Sprawdź gdzie kupisz Gazetę Polską oraz Gazetę Polską Codziennie Lista miejsc »

Pusty tron

Święci nie opuszczają posterunku, nawet gdy ten tonie.

Dlaczego na pogrzeb papieża Benedykta przyszło mniej ludzi, niż się spodziewano? Dlaczego nie wołano gremialnie „Santo subito”? Umarł wielki człowiek, wybitny intelektualista, znakomity teolog. Ale nie święty! Być może wymagam za dużo, ale takie są standardy. Święci nie opuszczają posterunku, nawet gdy ten tonie. Chrystus nie zszedł z krzyża, św. Stanisław nie zawarł kompromisu z Bolesławem, a Tomasz Morus nie pobłogosławił Henryka VIII – króla zbrodniarza.

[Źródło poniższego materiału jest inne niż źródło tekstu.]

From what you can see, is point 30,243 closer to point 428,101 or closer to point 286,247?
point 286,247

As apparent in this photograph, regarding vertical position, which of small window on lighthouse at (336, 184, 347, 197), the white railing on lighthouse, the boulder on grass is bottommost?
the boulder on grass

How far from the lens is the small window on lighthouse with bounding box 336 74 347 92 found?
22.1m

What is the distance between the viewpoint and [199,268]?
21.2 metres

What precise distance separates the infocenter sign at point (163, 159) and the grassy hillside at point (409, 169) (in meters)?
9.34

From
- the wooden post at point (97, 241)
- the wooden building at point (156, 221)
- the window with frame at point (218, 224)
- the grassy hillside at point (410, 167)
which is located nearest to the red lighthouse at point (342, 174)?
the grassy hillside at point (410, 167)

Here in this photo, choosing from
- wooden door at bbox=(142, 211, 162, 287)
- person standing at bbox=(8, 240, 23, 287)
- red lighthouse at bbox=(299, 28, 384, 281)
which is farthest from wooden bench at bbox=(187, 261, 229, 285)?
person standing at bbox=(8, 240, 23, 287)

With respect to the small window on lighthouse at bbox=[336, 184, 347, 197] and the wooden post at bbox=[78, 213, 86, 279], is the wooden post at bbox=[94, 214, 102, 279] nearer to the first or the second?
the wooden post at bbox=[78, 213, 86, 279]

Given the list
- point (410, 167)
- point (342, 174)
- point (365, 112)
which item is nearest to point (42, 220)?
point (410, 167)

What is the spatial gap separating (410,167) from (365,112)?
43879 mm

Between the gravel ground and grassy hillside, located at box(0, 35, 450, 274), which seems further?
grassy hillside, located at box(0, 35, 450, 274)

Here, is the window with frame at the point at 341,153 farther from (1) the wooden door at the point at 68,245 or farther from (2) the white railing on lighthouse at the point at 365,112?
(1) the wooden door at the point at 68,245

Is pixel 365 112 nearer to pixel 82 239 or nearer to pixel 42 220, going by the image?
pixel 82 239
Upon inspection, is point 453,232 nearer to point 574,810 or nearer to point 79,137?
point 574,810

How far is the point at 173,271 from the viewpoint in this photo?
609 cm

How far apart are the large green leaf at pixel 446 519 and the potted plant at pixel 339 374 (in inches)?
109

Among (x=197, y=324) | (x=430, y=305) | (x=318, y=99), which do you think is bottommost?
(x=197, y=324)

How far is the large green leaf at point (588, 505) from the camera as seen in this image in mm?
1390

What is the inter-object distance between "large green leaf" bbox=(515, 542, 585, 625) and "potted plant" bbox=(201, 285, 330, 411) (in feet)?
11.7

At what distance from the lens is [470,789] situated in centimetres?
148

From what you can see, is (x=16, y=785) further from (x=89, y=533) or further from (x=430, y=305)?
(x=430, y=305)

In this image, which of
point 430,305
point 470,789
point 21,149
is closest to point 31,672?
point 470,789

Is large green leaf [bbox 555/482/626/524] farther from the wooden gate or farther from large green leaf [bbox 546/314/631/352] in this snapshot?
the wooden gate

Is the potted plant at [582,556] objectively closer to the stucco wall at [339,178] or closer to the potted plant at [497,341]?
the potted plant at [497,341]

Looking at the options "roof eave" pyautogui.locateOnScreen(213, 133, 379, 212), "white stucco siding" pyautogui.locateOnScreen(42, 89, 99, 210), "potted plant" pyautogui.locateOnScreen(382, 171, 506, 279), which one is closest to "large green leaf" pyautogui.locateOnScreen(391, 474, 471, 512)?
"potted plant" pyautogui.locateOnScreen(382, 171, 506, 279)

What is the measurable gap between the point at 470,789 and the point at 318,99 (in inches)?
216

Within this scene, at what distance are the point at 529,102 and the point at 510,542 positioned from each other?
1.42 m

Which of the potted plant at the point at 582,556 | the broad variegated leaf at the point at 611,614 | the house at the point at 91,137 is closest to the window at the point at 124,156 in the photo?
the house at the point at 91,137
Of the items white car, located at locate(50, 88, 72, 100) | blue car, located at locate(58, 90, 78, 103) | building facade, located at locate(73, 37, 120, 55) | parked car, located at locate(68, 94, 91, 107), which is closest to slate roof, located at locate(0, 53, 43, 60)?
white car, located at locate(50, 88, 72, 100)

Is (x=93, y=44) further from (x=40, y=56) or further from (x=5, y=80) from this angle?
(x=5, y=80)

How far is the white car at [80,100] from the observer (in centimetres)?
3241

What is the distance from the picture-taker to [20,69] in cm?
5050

I wreszcie nasz Jan Paweł II cierpiał okrutnie, ale nie przeszedł na emeryturę. Trwał do końca! A Benedykt, excuse le mot, po prostu zdezerterował. Nie był ciężko chory, nie utracił sprawności intelektualnej i w dodatku nie namaścił następcy na miarę potrzeb Kościoła. Czy był szantażowany przez lawendową mafię, czy istniały na niego jakieś haki? Nie wiem.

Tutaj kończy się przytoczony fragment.